The US trade representative will start public hearings on Thursday to review the nation’s duty-free access to the US market under the so-called Generalised System of Preferences (GSP), its oldest and largest trade-preference programme for the world’s poorest economies.

That is after it accepted a complaint from the International Intellectual Property Alliance (IIPA) — a private-sector group that represents 3,200 US companies including the makers and distributors of books, films, music and video games — that alleges SA’s Copyright Amendment Bill and Performers’ Protection Amendment Bill fail to “provide adequate and effective protection of US copyrights”.

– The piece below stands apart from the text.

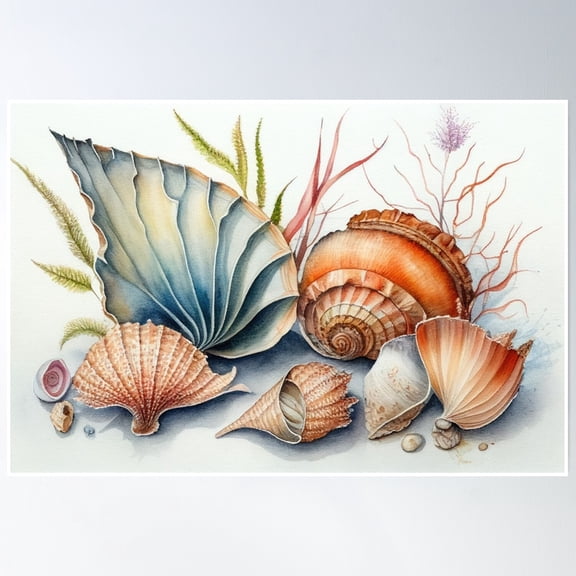 369 Prints Watercolor Shells On The Beach Painting- No Framed, Vintage Wall Art, Trendy Retro Print, Room Decor, Wall Art UNFRAMED, 8x12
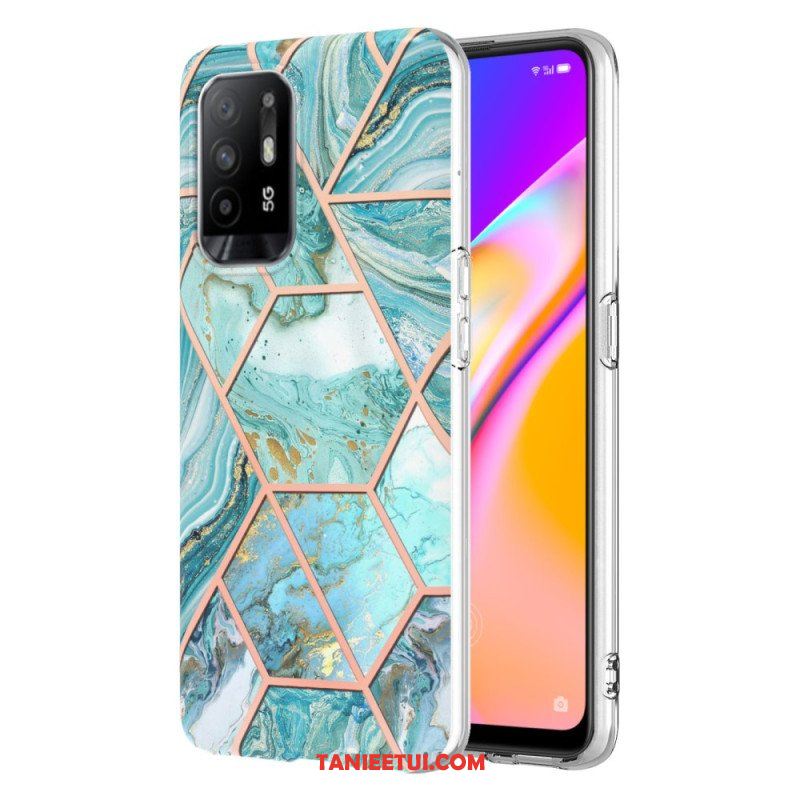 Etui do Oppo A94 5G Błyszczący Geometryczny Marmur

According to the prehearing brief filed by the SA embassy in Washington DC, senior officials in the department of trade & industry will argue that the IIPA’s concerns are “at best speculative and certainly premature” as the proposed bills are not yet in operation and undergoing a review by President Cyril Ramaphosa. Xavier Carim and Evelyn Masotja will make the representations.

To qualify for GSP benefits, a country must meet the criteria established by the US Congress. The extent to which the country provides adequate and effective protection for intellectual property rights may affect its eligibility.

This is not the first time that SA’s actions have put it at risk of losing preferential trade access to the US In 2015, the US warned that changes to legislation that would limit foreign ownership of private security companies in SA may affect the country’s inclusion in the African Growth and Opportunity Act. The bill was passed by parliament, but was not signed by the president.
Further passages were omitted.